§ Material shown:
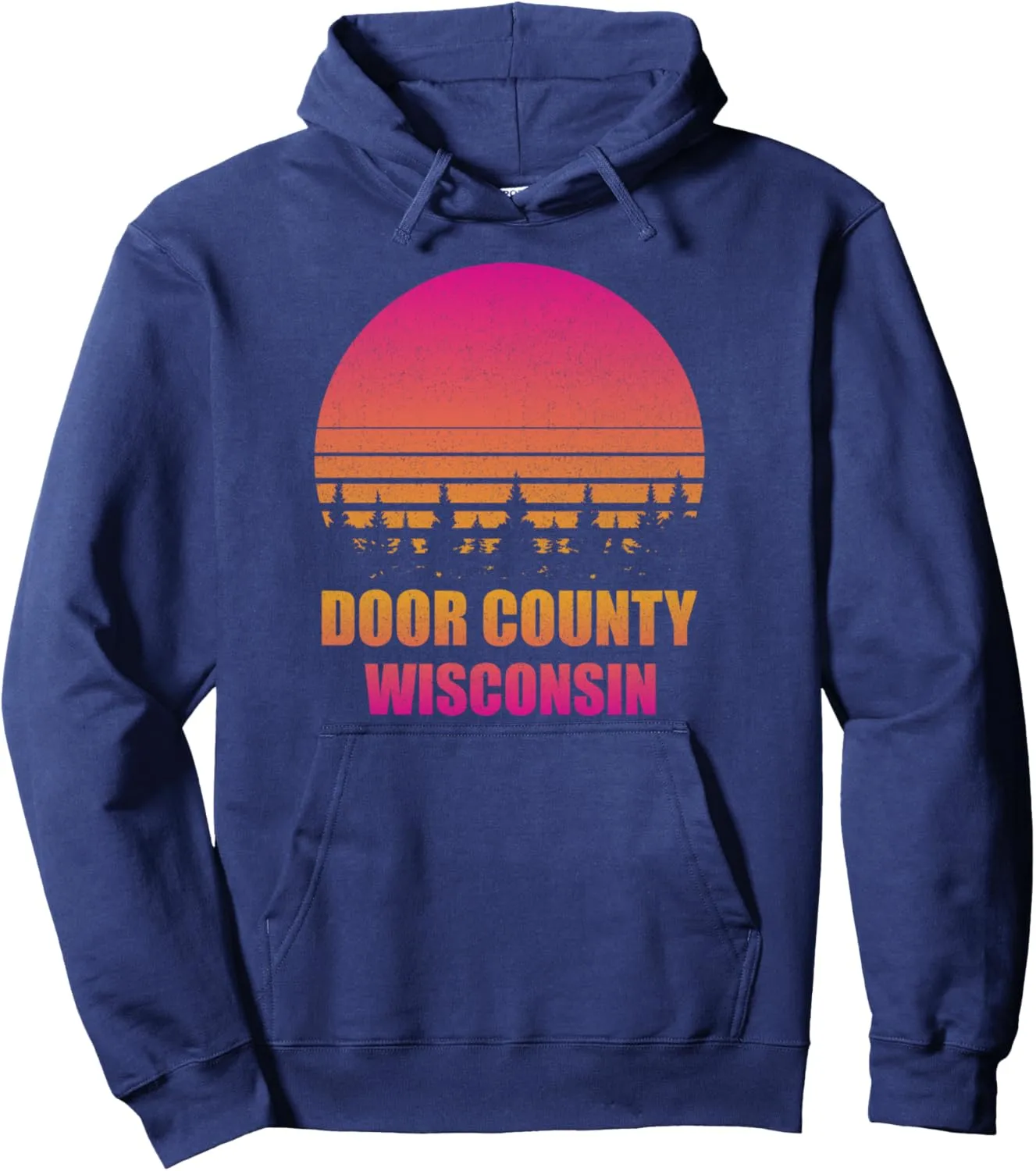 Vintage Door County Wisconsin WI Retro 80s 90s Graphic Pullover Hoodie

---

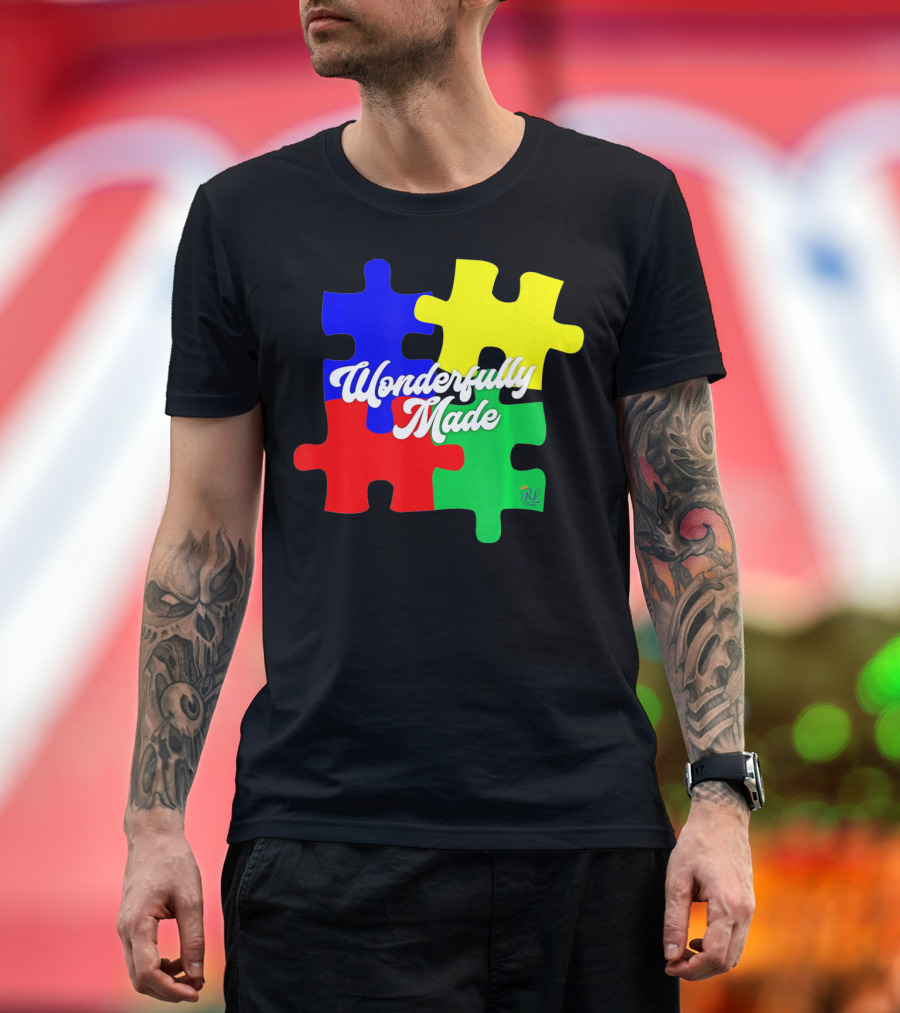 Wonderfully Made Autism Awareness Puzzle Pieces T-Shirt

---

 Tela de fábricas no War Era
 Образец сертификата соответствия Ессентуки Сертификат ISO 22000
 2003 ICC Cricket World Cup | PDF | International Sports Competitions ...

§ Problem details: Both end lines included, restate word for word the lines above from the line with "Образец сертификата соответствия" to the line with "2003 ICC Cricket", and nothing else.

§ The answer:
 Образец сертификата соответствия Ессентуки Сертификат ISO 22000
 2003 ICC Cricket World Cup | PDF | International Sports Competitions ...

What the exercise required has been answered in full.